== GIVEN RECORDS ==
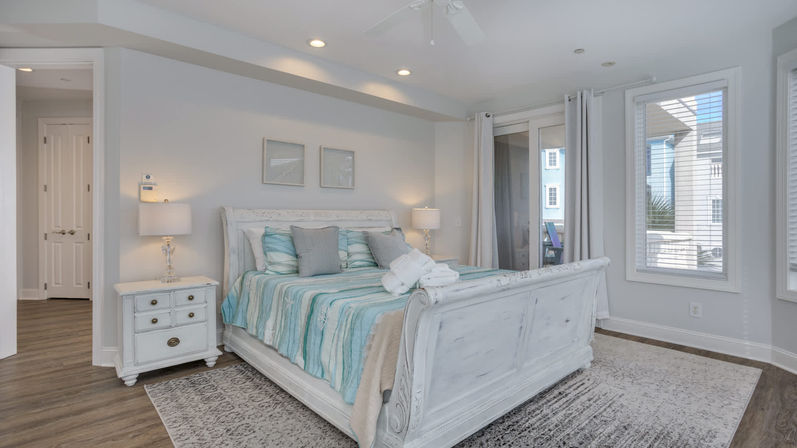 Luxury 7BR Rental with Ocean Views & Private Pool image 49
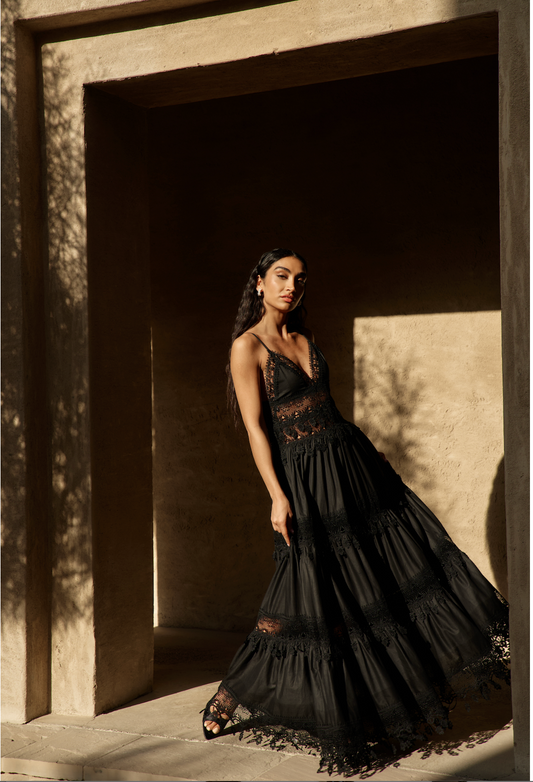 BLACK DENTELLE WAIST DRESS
===
== GIVEN RECORDS ==
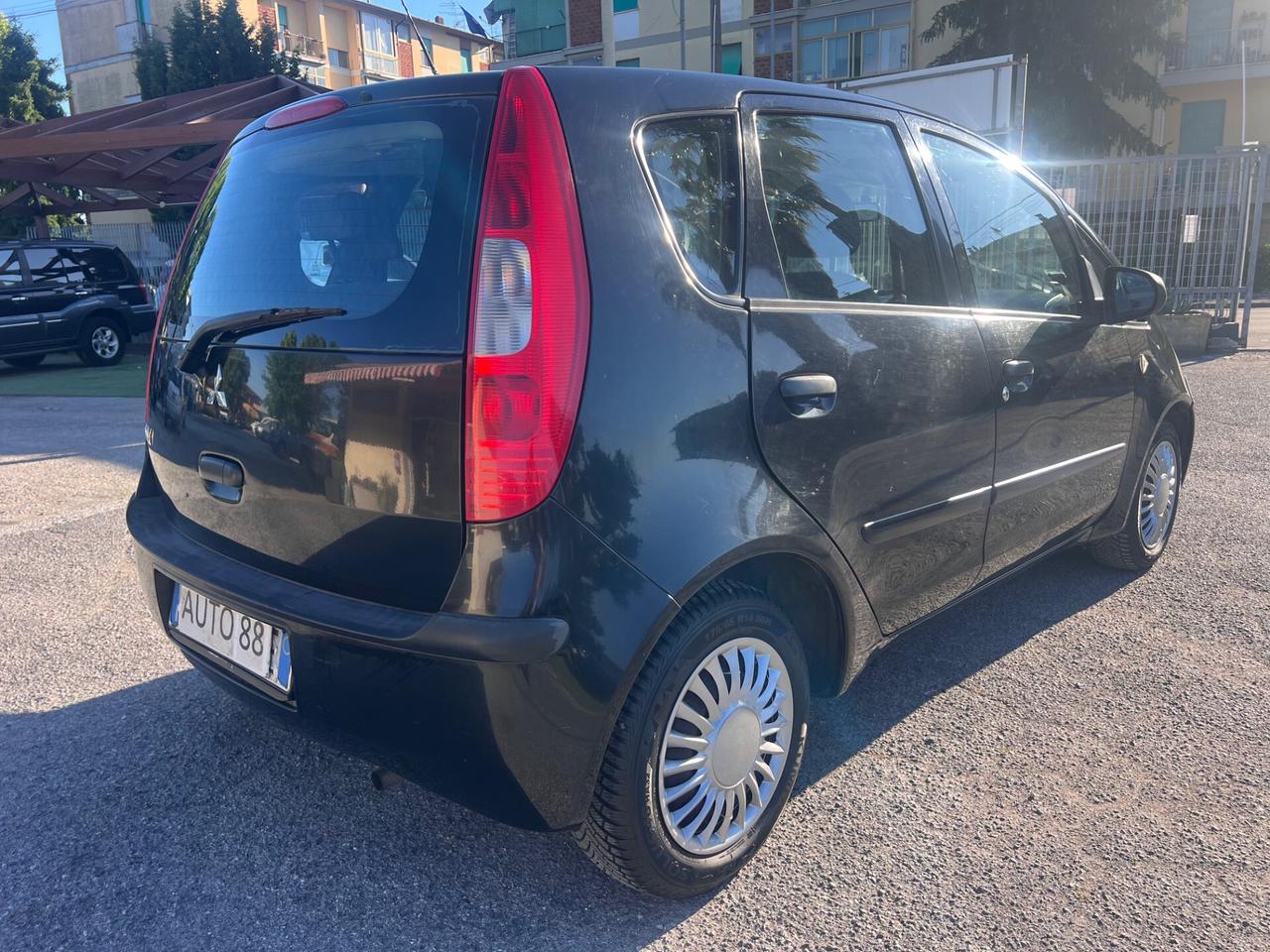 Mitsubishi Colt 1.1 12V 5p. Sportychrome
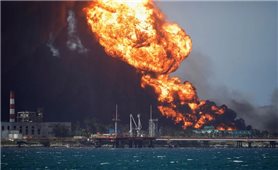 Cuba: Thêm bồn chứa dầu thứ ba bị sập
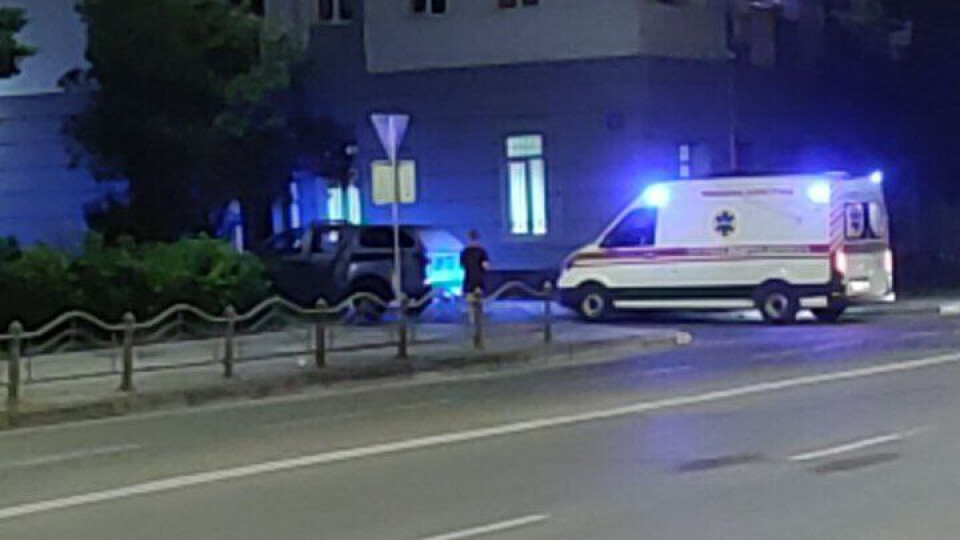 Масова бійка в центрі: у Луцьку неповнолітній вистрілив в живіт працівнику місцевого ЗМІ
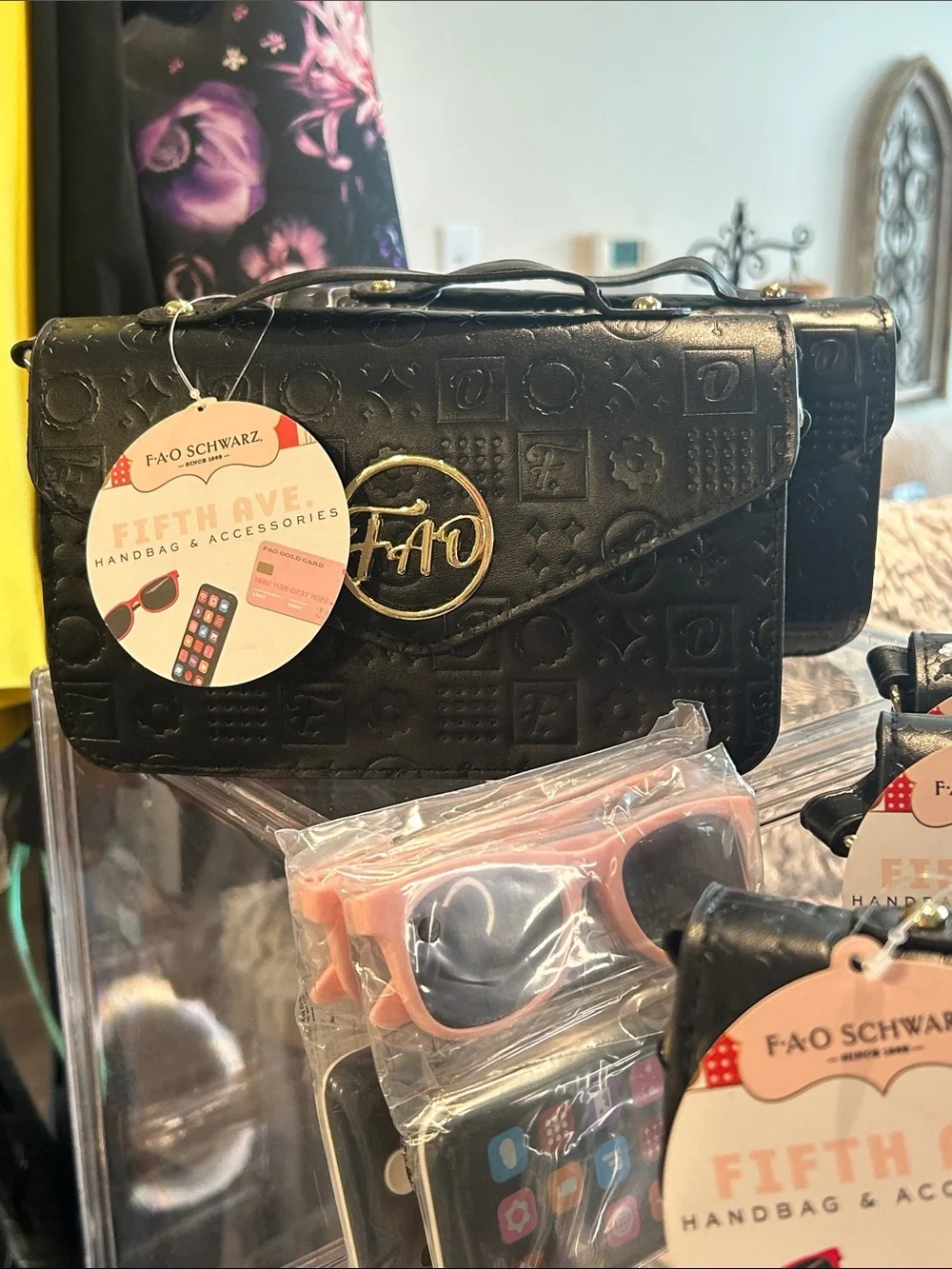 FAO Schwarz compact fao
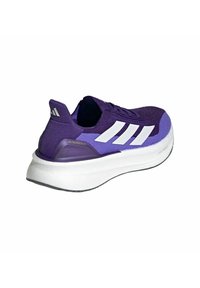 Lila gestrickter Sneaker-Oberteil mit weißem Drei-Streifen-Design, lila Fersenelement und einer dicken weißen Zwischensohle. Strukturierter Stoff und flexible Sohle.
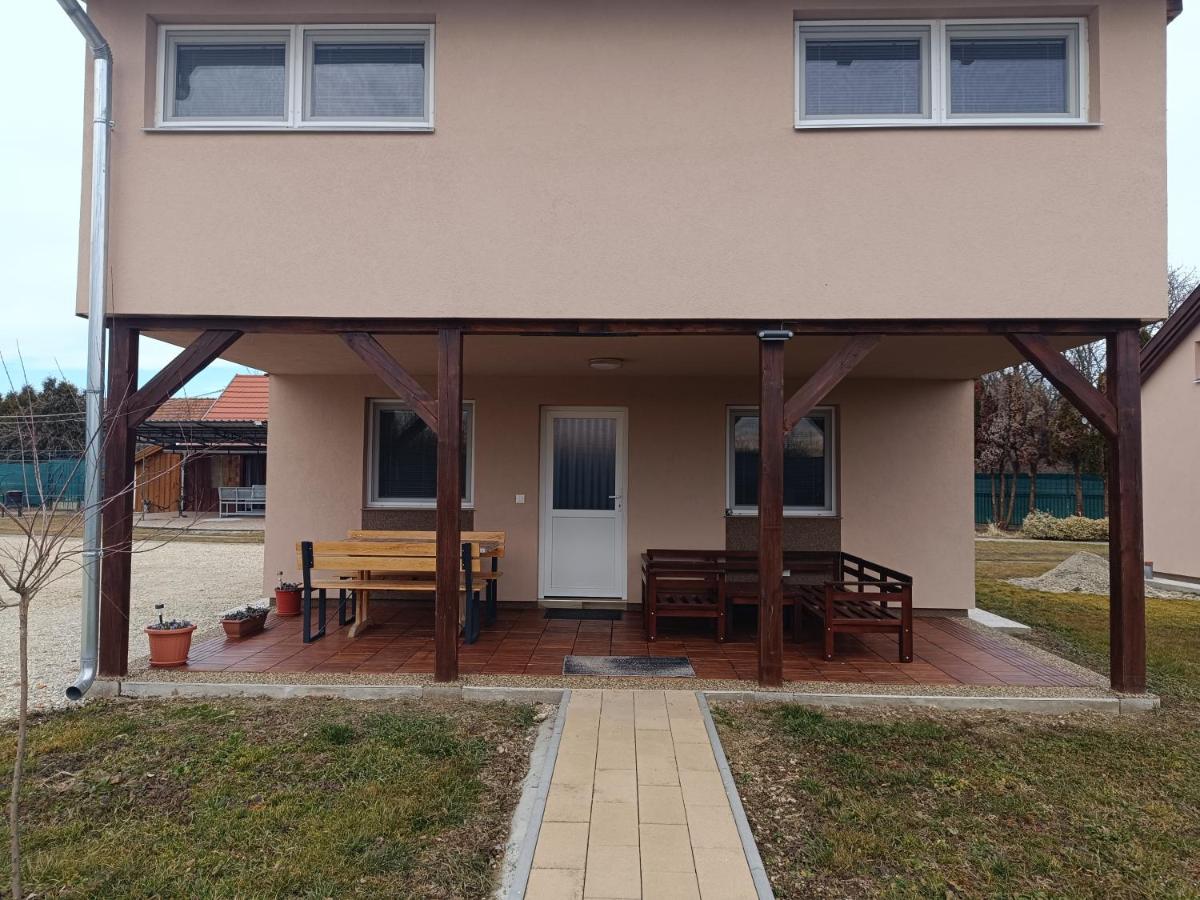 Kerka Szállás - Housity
===
TRY IT
Only the lines starting at the one with "Lila gestrickter Sneaker-Oberteil" and ending at the one with "Kerka Szállás - Housity" should be printed, each exactly as it appears in the material above; the pictures are to be omitted.

EXPECTED ANSWER
 Lila gestrickter Sneaker-Oberteil mit weißem Drei-Streifen-Design, lila Fersenelement und einer dicken weißen Zwischensohle. Strukturierter Stoff und flexible Sohle.
 Kerka Szállás - Housity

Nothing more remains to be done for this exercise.